I have a suspicion, then, that while most people who are serious about basketball-watching are perceiving the same gestalt, they are assembling that whole out of different arrangements of constituent parts. This is true in the macro sense, as two people can get equal amounts of satisfaction by focusing variably on who is doing cool moves and which offensive system is operating more harmoniously, though what I am talking about is the micro sense: Where does your focus shift? What do you look at during a basketball game?

Here is how I watch basketball.

First, some theoretical priors. The offense's currency is space, and the defense's is time. The offense can shoot whenever it wants, though it prefers open shots or shots taken close to the basket, and to get those, it will have to pay with the defense's currency. When I am watching basketball, I am trying to see which unit will win the exchange (to extend this metaphor, the defense collects tax in the form of a physical toll).

While some teams still cling to vestigial basketball, the bedrock principle of modern offense is advantage creation—in these terms, leveraging spatial advantages to get an open shot. The advantage can be vertical, either in the sense that a taller offensive player guarded by a smaller player can back their defender down and get closer to the rim, or that a smaller player can draw a taller defender out to the perimeter where their theoretically more limited lateral movement skills will be tested, or horizontal, in the sense that ball and player movement can goad the defense to contort itself into leaving someone open.

Consider a half-court possession. My eyes move in something like a pre-set pattern. The first thing I look at is the ball-handler, noting who is guarding them and how much space they're given to operate: Is the defender hounding them or giving them a step? Then, I will quickly scan to the basket. Is anyone chilling there? This is also a way to account for the tallest player on the court.
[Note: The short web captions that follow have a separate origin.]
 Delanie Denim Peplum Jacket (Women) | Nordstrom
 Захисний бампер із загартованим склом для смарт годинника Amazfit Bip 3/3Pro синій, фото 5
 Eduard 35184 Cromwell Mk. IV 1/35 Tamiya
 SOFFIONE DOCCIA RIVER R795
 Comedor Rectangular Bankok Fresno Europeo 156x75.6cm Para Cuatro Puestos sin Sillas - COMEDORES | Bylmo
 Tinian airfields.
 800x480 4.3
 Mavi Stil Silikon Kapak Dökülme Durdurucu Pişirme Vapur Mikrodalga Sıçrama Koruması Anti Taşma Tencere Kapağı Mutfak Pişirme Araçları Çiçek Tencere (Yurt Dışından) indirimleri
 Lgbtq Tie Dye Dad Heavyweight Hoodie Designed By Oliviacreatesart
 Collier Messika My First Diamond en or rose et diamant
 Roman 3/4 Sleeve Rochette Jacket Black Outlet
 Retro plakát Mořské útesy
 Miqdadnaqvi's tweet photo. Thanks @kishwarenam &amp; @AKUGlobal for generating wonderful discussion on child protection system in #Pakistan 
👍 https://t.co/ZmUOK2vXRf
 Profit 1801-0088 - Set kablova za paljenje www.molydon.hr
If the offense is playing a big center type, are they in the middle, close to the hoop, or are they spacing the floor?

With the ball and the basket accounted for, I scan to the center of the free throw line, a spot known as the nail. This is a space the defense must protect, less because it is a dangerous place for a player to shoot from (though it is), and more because it is the orbital center of the halfcourt. Any offensive player who establishes a beachhead there will have their pick of passing lanes to both sides of the court along all longitudes; or, if they reach the nail with an advantage, they will have a short and simple route to a shot at the rim.

The first principle of defense is to contain the ball. The second is to offer help, essentially exposing a weak point further away on the court to contain a more proximate danger. The nail is the invisible fulcrum around which an offensive possession pivots because it is the most compromising place to help toward. Zone defense, with each member of the defense guarding an area rather than a player, inverts the principles, starting by denying the nail then working outward, toward the ball.
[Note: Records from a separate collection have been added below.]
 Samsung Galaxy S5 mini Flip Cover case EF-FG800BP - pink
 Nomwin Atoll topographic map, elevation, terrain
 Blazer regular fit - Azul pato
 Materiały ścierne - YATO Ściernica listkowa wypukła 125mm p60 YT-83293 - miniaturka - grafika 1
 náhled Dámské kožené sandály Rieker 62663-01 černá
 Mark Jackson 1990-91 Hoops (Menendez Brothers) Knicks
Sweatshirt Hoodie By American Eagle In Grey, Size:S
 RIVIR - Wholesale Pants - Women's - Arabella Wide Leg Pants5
I then look to see whether the corners are occupied by offensive players. The shortest distance between the three-point line and the rim is in the corners, making corner three-pointers easier to score and thus more important to prevent; even if a player in the corner doesn't move, they are an important anchor because they stretch the defense taut. The corner is the inverse of the nail: the hardest place for a defender to help from.

In between each check—rim, nail, corner—I glance back at the ball-handler to see if they've simply escaped and gotten to the rim or pulled up for a shot. Everything I've laid out takes a total of like four seconds. The more you watch, the easier a time you'll have translating players' positions during the transition from defense to offense into the language of half-court offense. You can do this quickly, is my point, and you have to, because something is about to happen. The offense is about to start moving.
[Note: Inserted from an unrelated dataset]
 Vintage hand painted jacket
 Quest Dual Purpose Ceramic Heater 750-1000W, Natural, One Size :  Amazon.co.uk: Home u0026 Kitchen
Someone on the offense will set a screen, shearing a defender off another offensive player by using their body as an obstacle and creating an instant advantage. They are in essence challenging the defense to a decision-making contest. The screen immediately involves (at least) two defenders: the one guarding the screener, and the one being screened by the screener. Watch how these two play the action. Do they switch onto each other's assignment, or try to stick to their own? Do they double-team one of the players and leave the other open?

One offensive player screening for another—when the one being screened for has the ball, it's a pick-and-roll—is an eternal tactic both because of and despite its simplicity, and there is no universally applicable way to defend it. Any choice offers the offense an edge somewhere; pick-and-roll coverage is all about offering the least harmful edge for the briefest possible interval.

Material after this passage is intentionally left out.